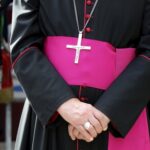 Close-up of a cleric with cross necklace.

------------------------------------------------------------------------

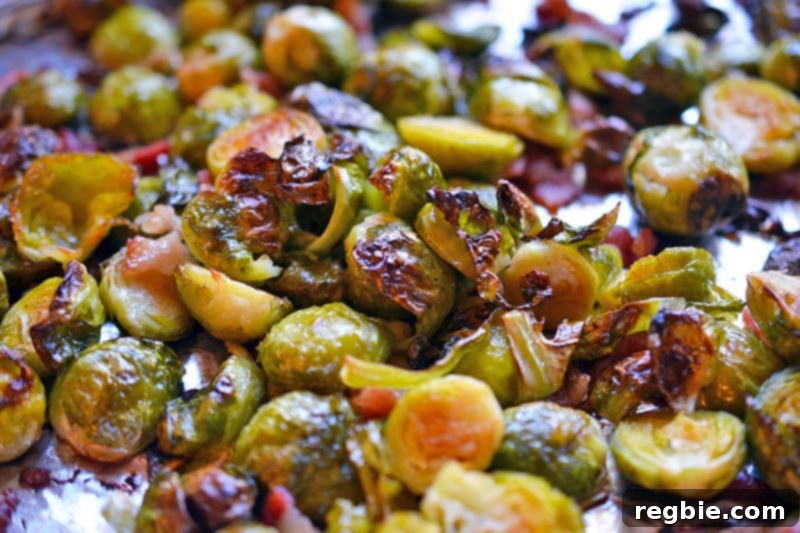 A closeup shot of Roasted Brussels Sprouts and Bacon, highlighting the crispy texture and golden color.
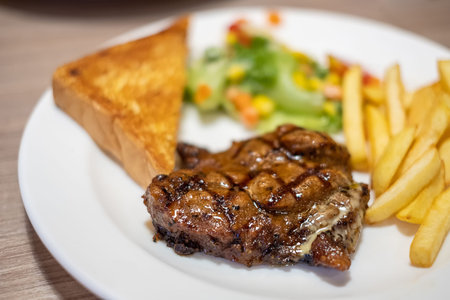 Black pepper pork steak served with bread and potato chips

------------------------------------------------------------------------

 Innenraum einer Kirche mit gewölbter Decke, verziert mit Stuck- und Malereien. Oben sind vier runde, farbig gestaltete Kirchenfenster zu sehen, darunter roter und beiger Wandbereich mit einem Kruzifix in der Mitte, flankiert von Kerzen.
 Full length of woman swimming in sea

------------------------------------------------------------------------

▶ [Aim of the task]:
Starting with the line above that holds "Innenraum einer Kirche" and stopping with the line that holds "Full length of woman swimming in sea", reproduce each line exactly, omitting all other lines.

▶ [Result]:
 Innenraum einer Kirche mit gewölbter Decke, verziert mit Stuck- und Malereien. Oben sind vier runde, farbig gestaltete Kirchenfenster zu sehen, darunter roter und beiger Wandbereich mit einem Kruzifix in der Mitte, flankiert von Kerzen.
 Full length of woman swimming in sea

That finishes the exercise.